LUMBERTON — Christmas was in the air Saturday — as were the warm aroma of barbecue, the joyful melody of holiday songs, and the laughter and camaraderie of the Lumbee Tribe of North Carolina’s Christmas meal.

Thousands came to the festivities, which took place at the Southeastern North Carolina Agricultural Center and Farmers Market from 11 a.m. to 3 p.m.

In addition to the hearty meal of barbecue, cole slaw, macaroni and cheese, chicken bog, iced tea, desserts and all the fixin’s furnished by Fuller’s Old Fashion Barbeque, there were choral groups and singers throughout the day, booths around the center to offer information about the tribe’s housing services and programs, and the jolly old elf himself: Santa Claus.

Christmas trees and holiday lights adorned the main arena.
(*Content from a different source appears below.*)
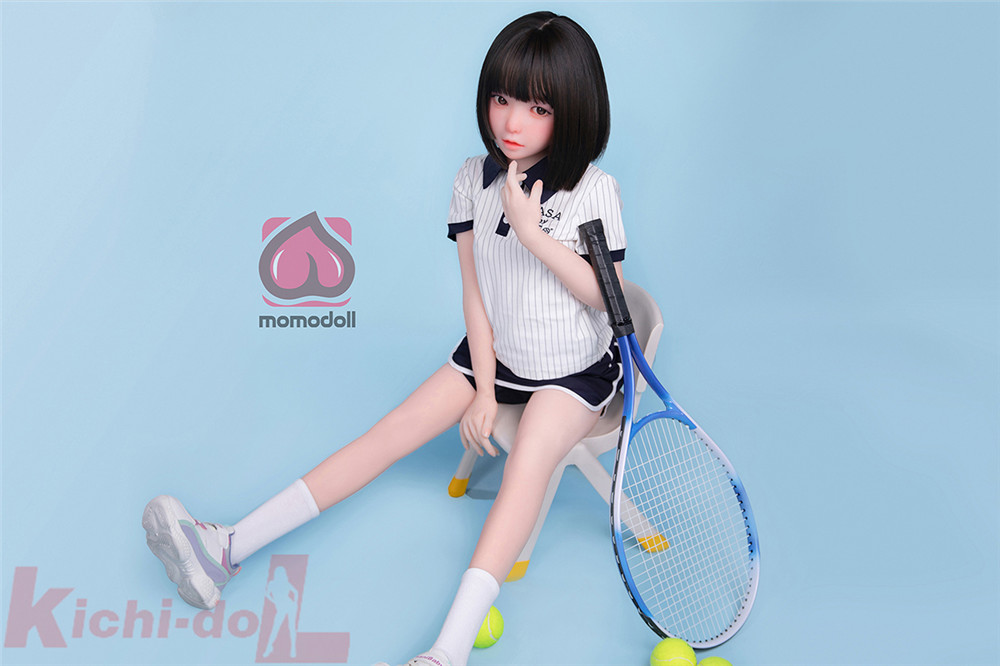 リアルセックスドール128cm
Each table held a festive arrangement of pine needles, ribbon and a candle.

“Fellowship, gospel music, joy, happiness, freedom and all the things that are associated with them,” tribal Chairman Paul Brooks said. “It came about for the purpose of uniting our people back together like they should be united. There’s no better way to do it than to have them come together and have fellowship together.”

The day’s events also marked the 10th anniversary of when the Lumbee Tribe of North Carolina became the official government of the Lumbee people, Brooks said. The Lumbee constitution was ratified in November 2001.
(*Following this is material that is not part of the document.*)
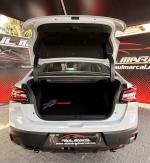 citroen-c4-2025-gasolina-1199cc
“It started from nothing, and here we are today, 55,000 strong,” he said. “It’s a joy to be able to celebrate together with our families. We are a family together.”

Enough food to feed 6,000 people was prepared, Brooks said. By the end of the meal, there was “just a dab” of food left, he said. The leftovers were sent to Sacred Pathways in Pembroke.

A third goal of the event was to offer information to attendees about the services offered by the tribe.

Tribal spokesman Alex Baker said the most common concern raised during the election was that people didn’t know much about the tribe’s services and programs.

“We see this as an opportunity to build some good will, bring unity together in the tribe, then at the same time educate them about the programs we offer,” Baker said. “… It’s important people become involved and take back to their community what the tribe’s about. Everybody knows somebody that needs help. We’ve got to look after one another. That’s what today’s about.”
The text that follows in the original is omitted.